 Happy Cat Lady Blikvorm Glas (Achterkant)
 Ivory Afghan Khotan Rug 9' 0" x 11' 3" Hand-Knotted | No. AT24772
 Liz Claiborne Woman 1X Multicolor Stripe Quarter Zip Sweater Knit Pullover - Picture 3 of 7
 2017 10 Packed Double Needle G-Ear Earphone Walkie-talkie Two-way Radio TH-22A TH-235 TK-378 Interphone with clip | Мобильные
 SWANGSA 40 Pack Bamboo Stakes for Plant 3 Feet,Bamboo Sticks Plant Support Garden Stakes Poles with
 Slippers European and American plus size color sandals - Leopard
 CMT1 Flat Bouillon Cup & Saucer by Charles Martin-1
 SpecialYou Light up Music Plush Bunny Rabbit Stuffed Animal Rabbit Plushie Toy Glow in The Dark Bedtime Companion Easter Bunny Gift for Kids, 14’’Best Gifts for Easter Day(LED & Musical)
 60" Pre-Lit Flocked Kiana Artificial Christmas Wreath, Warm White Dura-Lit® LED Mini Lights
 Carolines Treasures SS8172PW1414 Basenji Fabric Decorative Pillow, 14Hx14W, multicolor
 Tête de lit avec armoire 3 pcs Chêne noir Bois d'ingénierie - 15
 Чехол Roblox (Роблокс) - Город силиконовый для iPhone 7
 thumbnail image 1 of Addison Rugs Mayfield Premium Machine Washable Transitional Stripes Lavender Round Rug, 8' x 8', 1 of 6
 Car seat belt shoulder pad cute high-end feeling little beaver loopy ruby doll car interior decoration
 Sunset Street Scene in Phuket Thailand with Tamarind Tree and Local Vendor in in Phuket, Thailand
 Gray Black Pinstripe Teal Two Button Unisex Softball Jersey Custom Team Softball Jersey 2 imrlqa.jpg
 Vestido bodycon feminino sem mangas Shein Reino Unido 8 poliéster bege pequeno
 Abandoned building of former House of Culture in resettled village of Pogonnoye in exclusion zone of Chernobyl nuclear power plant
------
Work through the material above and count the lines that contain the word "with". Only the number is to be given.

3